Table 1: Effect of P. dactylifera fruit extract and fractions on glucose level of streptozotocin-induced diabetic rats

Glucose level before treatment Glucose level after treatment
GROUP I 101.943±4.733a 93.280±4.079a
GROUP II 223.533±4.185b 239.533±4.185e
GROUP III 221.430±1.786b 216.766±2.161d
GROUP IV 222.756±3.566b 210.926±3.379d
GROUP V 218.313±4.472b 187.310±2.223c
p-value 0.001 0.001

Values are presented as mean±SD for 3 determinations. Values with different superscript across the row are statistically significant at p ≤ 0.05).

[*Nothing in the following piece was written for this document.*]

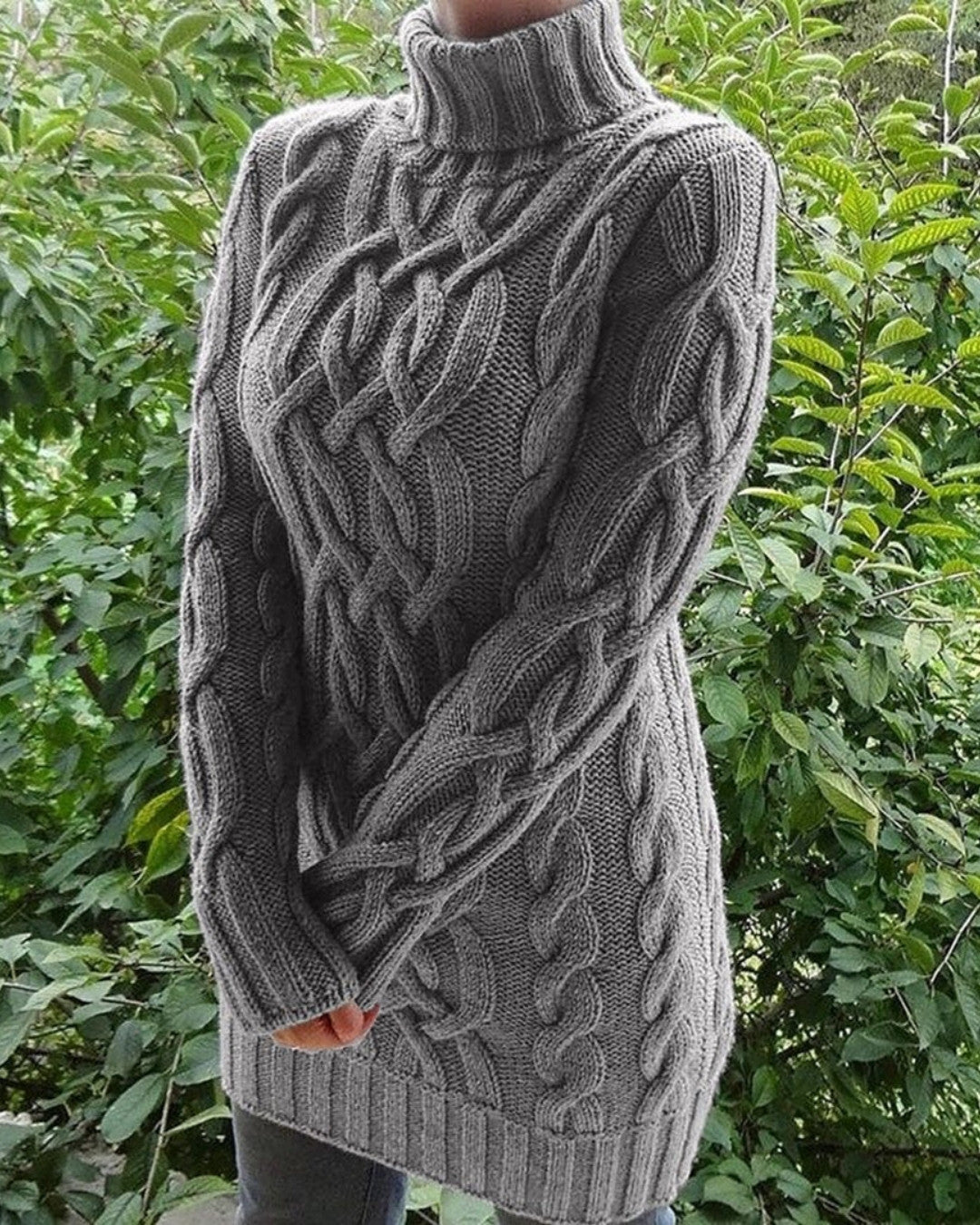 Sukienka Swetrowa z Golfem i Warkoczowym Splotem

KEY: Grp I: Normal Control; Grp II: Diabetic Control; Grp III: Diabetic, treated with crude extract; Grp IV: Diabetic, treated with Fraction 1; Grp V: Diabetic, treated with Fraction 2.

Effect of P. dactylifera fruit extract treatment on liver enzymes of streptozotocin-induced diabetic rats

The effect of treatment of P. dactylifera fruit extract on hepatic enzymes of experimental animals are as shown in table 2. The result show a significant (P<0.05) reduction in the levels of AST and ALP but not ALT between normal control rats and diabetic rats and between diabetic animals and treated one.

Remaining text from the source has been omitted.